학술논문
AfriWOZ: Corpus for Exploiting Cross-Lingual Transfer for Dialogue Generation in Low-Resource, African Languages
Document Type
Conference
Author
Adewumi, Tosin; Adeyemi, Mofetoluwa; Anuoluwapo, Aremu; Peters, Bukola; Buzaaba, Happy; Samuel, Oyerinde; Rufai, Amina Mardiyyah; Ajibade, Benjamin; Gwadabe, Tajudeen; Koulibaly Traore, Mory Moussou; Ajayi, Tunde Oluwaseyi; Muhammad, Shamsuddeen; Baruwa, Ahmed; Owoicho, Paul; Ogunremi, Tolulope; Ngigi, Phylis; Ahia, Orevaoghene; Nasir, Ruqayya; Liwicki, Foteini; Liwicki, Marcus
Source
2023 International Joint Conference on Neural Networks (IJCNN) Neural Networks (IJCNN), 2023 International Joint Conference on. :1-8 Jun, 2023
Subject
Language
ISSN
2161-4407
Abstract
Dialogue generation is an important NLP task fraught with many challenges.

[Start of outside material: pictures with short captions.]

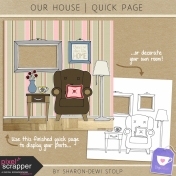 Our House- Quick Page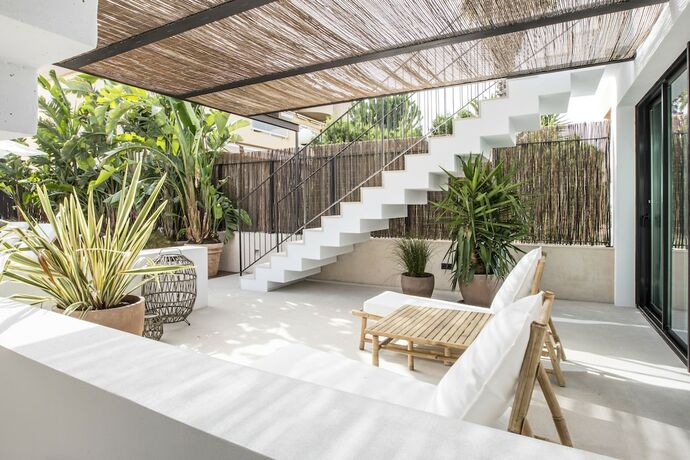 Imagen de la habitación del Hotel Can Micalet Formentera. Foto 17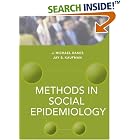 Click here to buy Methods in Social Epidemiology (Public Health Epidemiology and Biostatistics) by  J. Michael Oakes and Jay S. Kaufman.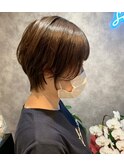 ショートスタイル
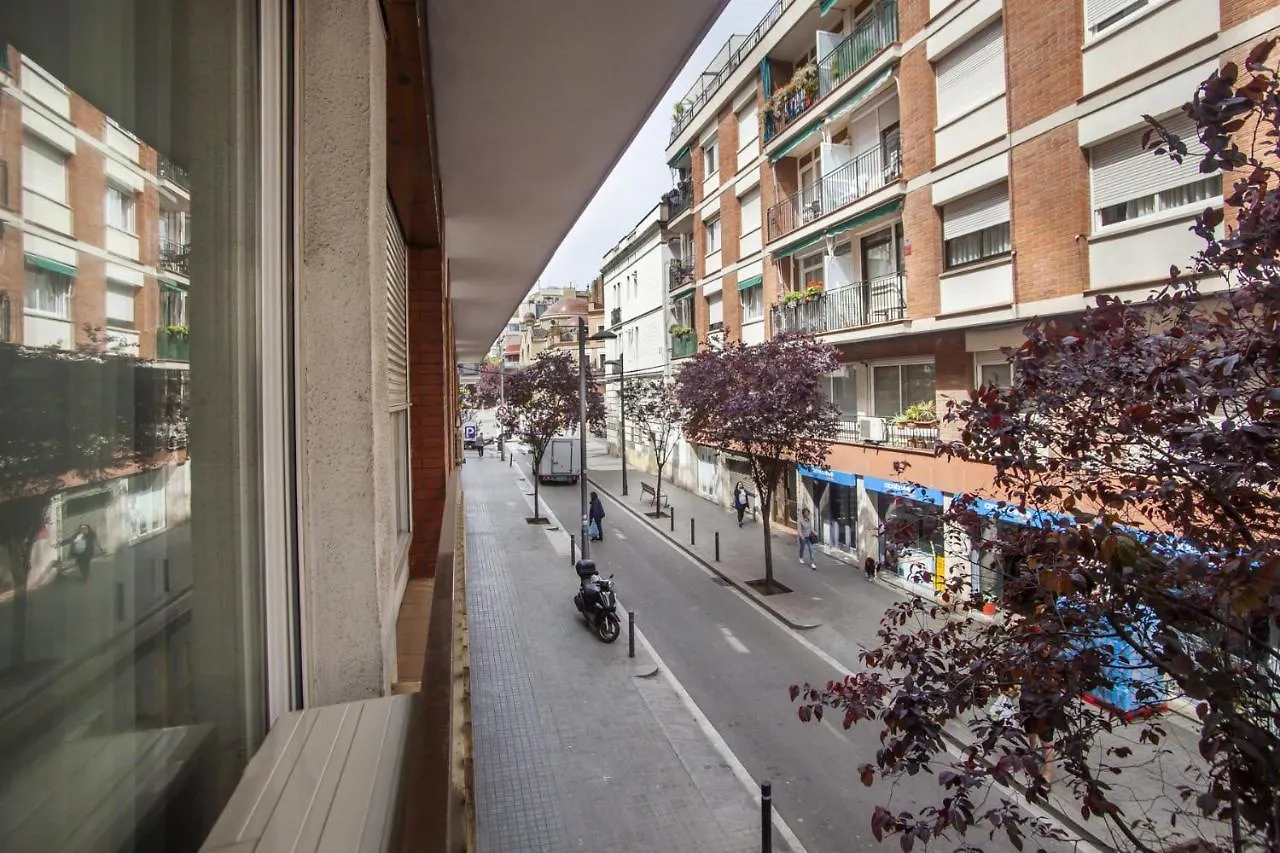 P9Mdr305 - Nice Apartment In Poble Sec Barcelona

The challenges become more daunting for low-resource African languages. To enable the creation of dialogue agents for African languages, we contribute the first high-quality dialogue datasets for 6 African languages: Swahili, Wolof, Hausa, Nigerian Pidgin English, Kinyarwanda & Yorùbá. There are a total of 9,000 turns, each language having 1,500 turns, which we translate from a portion of the English multi-domain MultiWOZ dataset. Subsequently, we benchmark by investigating & analyzing the effectiveness of modelling through transfer learning by utilziing state-of-the-art (SoTA) deep monolingual models: DialoGPT and BlenderBot. We compare the models with a simple seq2seq baseline using perplexity. Besides this, we conduct human evaluation of single-turn conversations by using majority votes and measure inter-annotator agreement (IAA). We find that the hypothesis that deep monolingual models learn some abstractions that generalize across languages holds. We observe human-like conversations, to different degrees, in 5 out of the 6 languages. The language with the most transferable properties is the Nigerian Pidgin English, with a human-likeness score of 78.1%, of which 34.4% are unanimous. We freely provide the datasets and host the model checkpoints/demos on the HuggingFace hub for public access.